Stata has an accessible menu driven interface, which also shows you the command line for the same thing. It has excellent extensive documentation which details how to use something with examples, as well as books which give the details of what it's doing. I have gotten doctors to successfully use it, which is saying something. Stata has a programming language which I have never learned, but have heard is not too hard.

SAS is very powerful, very fast, and has unmatched handling of extremely large datasets. If you are AMEX and want to do analysis on billions of purchases or dealing with the complete national birth certificate data, you want SAS. It has a macro language which I have heard less fun things about. Documentation is also good, but maybe not as copious as Stata.
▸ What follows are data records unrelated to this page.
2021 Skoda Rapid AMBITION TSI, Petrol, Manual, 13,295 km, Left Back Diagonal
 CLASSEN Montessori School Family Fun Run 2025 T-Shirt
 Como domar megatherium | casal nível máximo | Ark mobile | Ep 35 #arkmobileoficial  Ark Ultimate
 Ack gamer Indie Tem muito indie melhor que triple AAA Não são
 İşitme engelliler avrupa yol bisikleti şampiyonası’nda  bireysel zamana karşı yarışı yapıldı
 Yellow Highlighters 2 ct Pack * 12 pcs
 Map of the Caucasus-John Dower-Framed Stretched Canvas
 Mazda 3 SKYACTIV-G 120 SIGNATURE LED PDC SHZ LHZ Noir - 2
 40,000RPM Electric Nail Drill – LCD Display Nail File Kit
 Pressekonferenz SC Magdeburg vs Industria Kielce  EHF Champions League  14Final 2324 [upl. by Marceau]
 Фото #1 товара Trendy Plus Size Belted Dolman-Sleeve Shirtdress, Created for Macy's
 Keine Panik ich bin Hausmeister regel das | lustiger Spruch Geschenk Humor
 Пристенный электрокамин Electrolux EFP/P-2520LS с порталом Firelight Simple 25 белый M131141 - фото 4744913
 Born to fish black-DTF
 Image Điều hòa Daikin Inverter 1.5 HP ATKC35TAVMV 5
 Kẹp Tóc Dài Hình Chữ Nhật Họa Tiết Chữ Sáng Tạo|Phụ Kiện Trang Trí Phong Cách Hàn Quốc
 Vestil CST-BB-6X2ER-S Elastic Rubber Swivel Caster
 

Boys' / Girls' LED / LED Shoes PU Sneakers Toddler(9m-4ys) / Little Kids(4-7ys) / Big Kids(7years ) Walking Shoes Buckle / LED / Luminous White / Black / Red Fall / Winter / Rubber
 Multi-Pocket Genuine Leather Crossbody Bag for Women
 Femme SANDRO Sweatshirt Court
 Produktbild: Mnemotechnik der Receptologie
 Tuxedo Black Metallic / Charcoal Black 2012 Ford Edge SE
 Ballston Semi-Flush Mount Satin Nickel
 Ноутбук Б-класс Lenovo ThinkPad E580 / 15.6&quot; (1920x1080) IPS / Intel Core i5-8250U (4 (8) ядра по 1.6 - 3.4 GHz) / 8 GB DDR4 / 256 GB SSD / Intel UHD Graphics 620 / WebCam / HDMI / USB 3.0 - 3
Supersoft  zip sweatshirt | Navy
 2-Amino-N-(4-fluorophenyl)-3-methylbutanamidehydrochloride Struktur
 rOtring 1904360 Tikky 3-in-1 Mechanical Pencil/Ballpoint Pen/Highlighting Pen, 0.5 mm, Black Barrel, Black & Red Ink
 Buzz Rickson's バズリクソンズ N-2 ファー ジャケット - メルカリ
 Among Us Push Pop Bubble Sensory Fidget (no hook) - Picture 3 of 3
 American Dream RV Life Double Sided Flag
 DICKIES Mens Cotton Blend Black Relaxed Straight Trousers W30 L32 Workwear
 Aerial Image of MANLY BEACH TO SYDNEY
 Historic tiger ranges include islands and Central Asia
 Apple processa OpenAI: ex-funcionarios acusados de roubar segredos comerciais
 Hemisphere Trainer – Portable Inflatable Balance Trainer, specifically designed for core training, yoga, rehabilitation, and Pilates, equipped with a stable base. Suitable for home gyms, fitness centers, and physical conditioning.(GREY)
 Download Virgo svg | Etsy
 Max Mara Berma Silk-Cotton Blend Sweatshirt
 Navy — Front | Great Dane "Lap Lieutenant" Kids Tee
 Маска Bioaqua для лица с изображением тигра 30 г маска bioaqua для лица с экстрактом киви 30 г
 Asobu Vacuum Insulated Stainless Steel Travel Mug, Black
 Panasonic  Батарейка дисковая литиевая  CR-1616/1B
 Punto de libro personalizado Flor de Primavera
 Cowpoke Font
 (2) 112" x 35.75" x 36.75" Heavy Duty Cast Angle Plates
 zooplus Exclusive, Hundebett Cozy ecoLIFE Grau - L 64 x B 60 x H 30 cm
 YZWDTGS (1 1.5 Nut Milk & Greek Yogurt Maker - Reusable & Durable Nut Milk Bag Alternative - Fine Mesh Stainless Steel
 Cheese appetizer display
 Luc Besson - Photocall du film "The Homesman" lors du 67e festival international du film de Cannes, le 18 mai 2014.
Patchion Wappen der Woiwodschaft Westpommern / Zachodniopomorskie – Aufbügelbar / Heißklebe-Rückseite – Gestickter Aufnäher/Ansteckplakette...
R is free. Because the language that it comes with is pretty easy, there are many useful extensions. Doing what you want may not be intuitive or easy, and finding it out might not be either. Once you learn how to do something, no problem.

BUGS is software for gibbs sampling, which it's rare that you want in epi, but some times you do. It kinda punches you in the face.

Matlab is numerical methods and simulation with an easy language. Very popular in engineering.
posted by a robot made out of meat at 2:33 PM on January 21, 2010

I like R, too. It's statistical software which is what I assume you are looking for. It's primarily command line and I found the learning curve to be a bit steep, but it's free and there are several free manuals to get up and running. There are numerous user-created packages for it. I use it primarily for statistical ecology but here is a link to somebody using it for epidemic modeling.

For a simpler to use program, I recommend STELLA. It is a modeling program that I used a decade ago with climatology-related modeling, but it may also fit the bill for what you are doing.
posted by surfgator at 4:17 PM on January 21, 2010